Cite references in the Vancouver style. References should be numbered sequentially in the order in which they first appear in the text in square brackets. All references cited in the text should be listed at the end of the manuscript on a separate page.

The names of all authors should be listed for papers with up to six authors; for papers with more than six authors, the first six only should be listed, followed by et al. Abbreviations for titles of medical periodicals should conform to those used in the latest edition of Index Medicus. The first and last page numbers for each reference should be provided. Papers in press may be included in the list of references.

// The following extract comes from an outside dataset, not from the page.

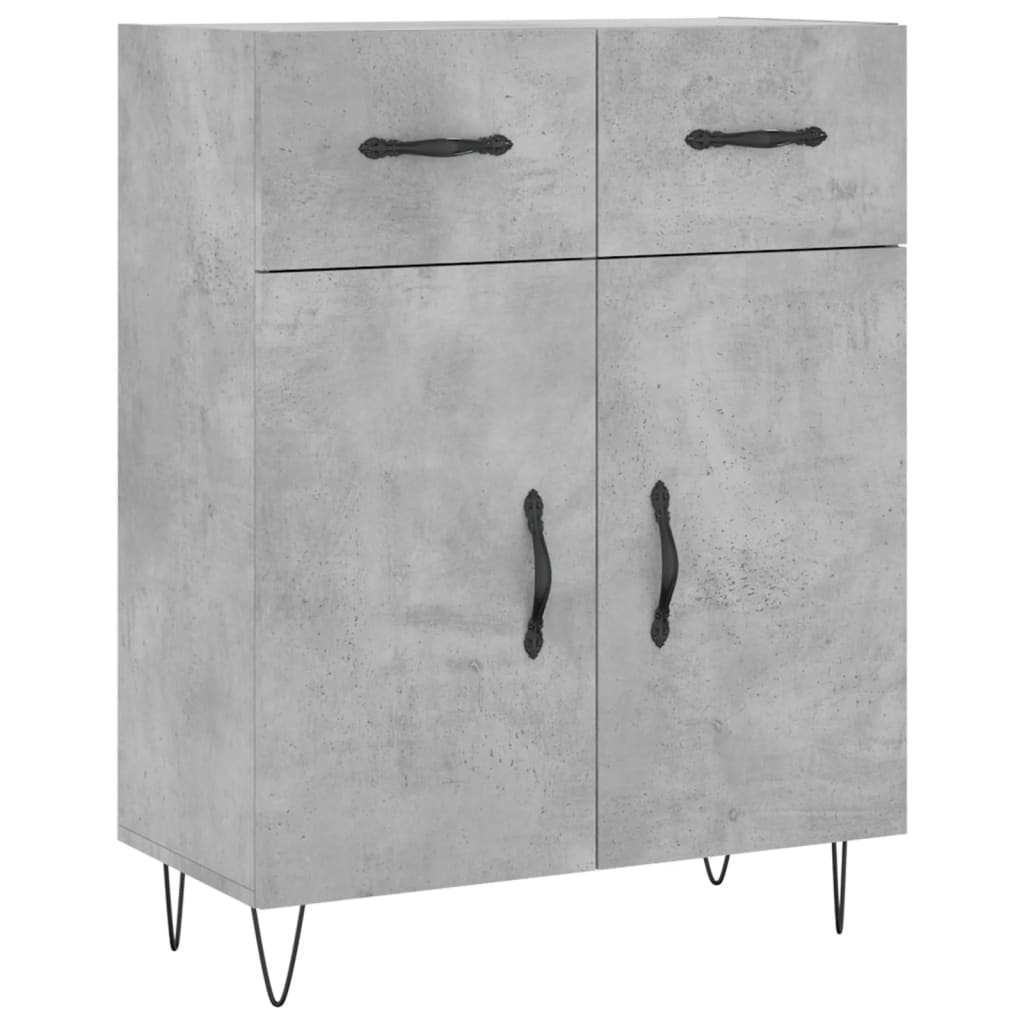 betonszürke szerelt fa magasszekrény 69,5 x 34 x 180 cm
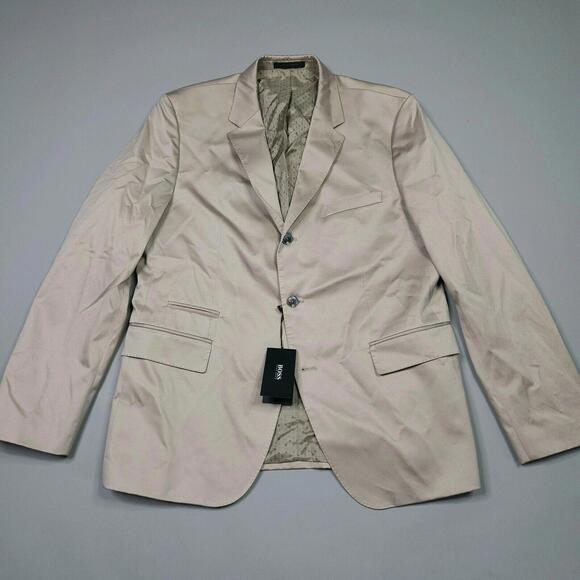 New Hugo Boss Johnston1 3 Button Beige Cotton Sport Coat Preppy Luxury 46R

References to periodicals should be as follows: names and initials of authors, title of paper, abbreviated journal title (conforming to those used in Index Medicus), year, and first and last pages of the article.

Book references should be as follows: author, initials, title of book, title of series and volume number (if applicable), publisher and city, and year.

Examples

Article (up to six authors)

Shab-Bidar S, Neyestani TR, Djazayery A, Eshraghian MR, Houshiarrad A, Kalayi A, et al. Improvement of vitamin D status resulted in amelioration of biomarkers of systemic inflammation in the subjects with type 2 diabetes. Diabetes Metab Res Rev. 2012:28(5):424-30.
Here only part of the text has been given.